Female convicts were a varied bunch. They ranged in age from children to women in old age—the youngest currently recorded in our database is aged 10 years, and the oldest is aged 75 years. Most of the women, however, were in their twenties or thirties—of child bearing age. The average age of the convicts was 26.7 years.
Many of the convicts were single, but some were married and others widowed. A small proportion brought children with them on their journey of transportation. However, most left family behind in their homeland, for many this included children. Some convicts were transported with family members, or family members had come before them, or came after them.
Many of the crimes for which they were transported are considered minor offences by today's standards. The most common crime by far was stealing—food, clothing, money, household items—mostly items worth no more than £5.
Relatively few of the women were transported for a first offence. A few of the women even courted transportation—deliberately committing crimes such as arson in order to be transported. Perhaps a few were wrongly accused, but the majority, according to the laws of the day, deserved to be transported to the other side of the world, away from kith and kin.

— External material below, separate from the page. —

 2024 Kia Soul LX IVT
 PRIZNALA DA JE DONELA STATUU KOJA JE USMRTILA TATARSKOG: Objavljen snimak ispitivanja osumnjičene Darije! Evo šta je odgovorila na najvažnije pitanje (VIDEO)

The newspapers often described female convicts disparagingly—this was probably an echo of the opinion of middle and upper classes who seem to have believed that all women should conduct themselves like ladies. The following article appeared in the Launceston Examiner on 22 July 1845 (p.460).
WATCHHOUSE.—Only a day or two since, we had the pleasure of recording that for two nights, the watchhouse was all but untenanted; with regret, we now publish a fact we hope equally without precedent; on Monday night, there were twelve charges, and, let it not be read without a blush, nine of the inmates were females! The spectacle presented by the miserable creatures as one by one they were brought before the bench, was really appalling.